Workers at New York’s Storm King Art Center seek to form a union amid $45m campus revamp


Staff at the upstate New York sculpture park and foundation Storm King Art Center announced their intention to unionise late last month. The organisers, including workers from multiple departments of the foundation and the park it operates, are seeking to join the Civil Service Employees Association (CSEA) and an international affiliation with the American Federation of State, County and Municipal Employees (AFSCME).

The staff members’ organising efforts follow Storm King’s announcement in August of an ambitious $45m revamp of its campus and facilities. It also comes ahead of a charity auction at Christie’s in early December, when donated works by Richard Serra, Ursula von Rydingsvard and Rashid Johnson, among others, will be offered during a contemporary art day sale to raise funds in honour of the organisation’s upcoming 60th anniversary.

“We hope Storm King Art Center will adhere to its values and promptly agree to a neutral election,” a CSEA spokesperson tells The Art Newspaper. “Regardless of job title, the workers have in common their love of the museum and its mission, especially programmes that make Storm King’s art accessible to people who might not otherwise have the opportunity to visit. Having a democratised workplace stands to benefit Storm King Art Center and only enhance its programming and customer service. We hope management will look to institutions such as the Walker Art Center, the Museum of Contemporary Art [Los Angeles] and the Academy Museum of Motion Pictures, whose leadership agreed to voluntary recognition when workers there organised.”

Thus far, however, Storm King’s administration has not opted for voluntary recognition of the union. As a result, the unionising workers petitioned the National Labor Relations Board (NLRB) for a date to proceed with union elections. The issues prompting the unionising effort echo problems motivating the broader labour movement in the cultural sector, including pay equity, healthcare and equitable wages and benefits that reflect current needs and living costs.

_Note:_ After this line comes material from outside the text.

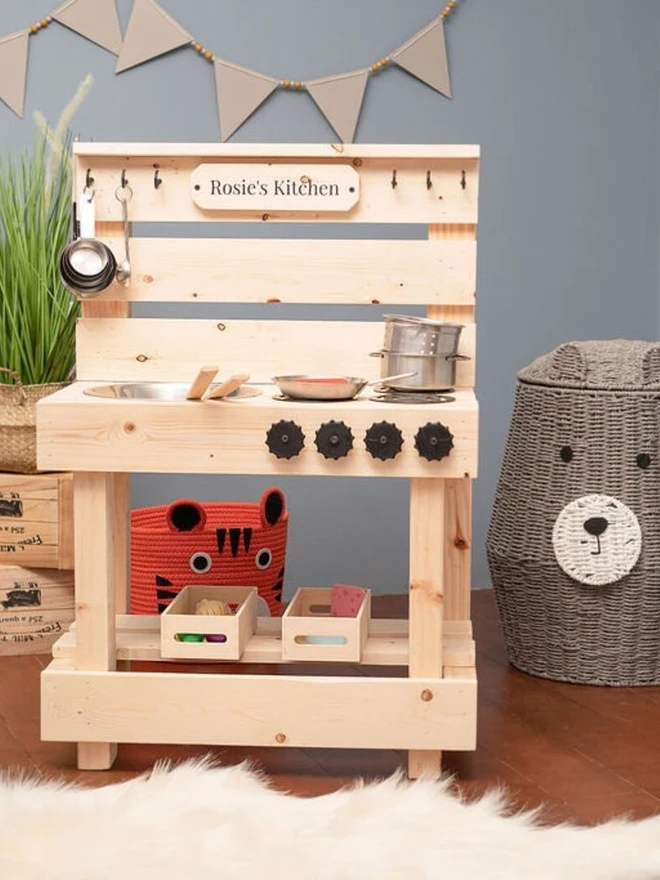 Personalised Wooden Play Cooker Kitchen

“We respect our colleagues and are thankful for each person’s skills, individuality, professionalism and dedication,” a Storm King spokesperson says. “This support and respect extends to some team members’ decision to explore committing to a union and we look forward to engaging with our colleagues, the Civil Services Employees Association Local 1000 and the National Labor Relations Board during this process.”

The spokesperson added: “A core element of Storm King’s strength as an organisation is engagement in open communication. We recognise that a shared commitment to Storm King’s mission must also make space for the varied needs of individuals across the organisation. We continue to welcome dialogue with our colleagues as we move forward with this process.”

Storm King’s campus revamp, expected to be completed in 2024, follows a period of surging attendance at the beloved sculpture park. Annual visitor numbers have tripled since 2012 and are expected to total 240,000 this year.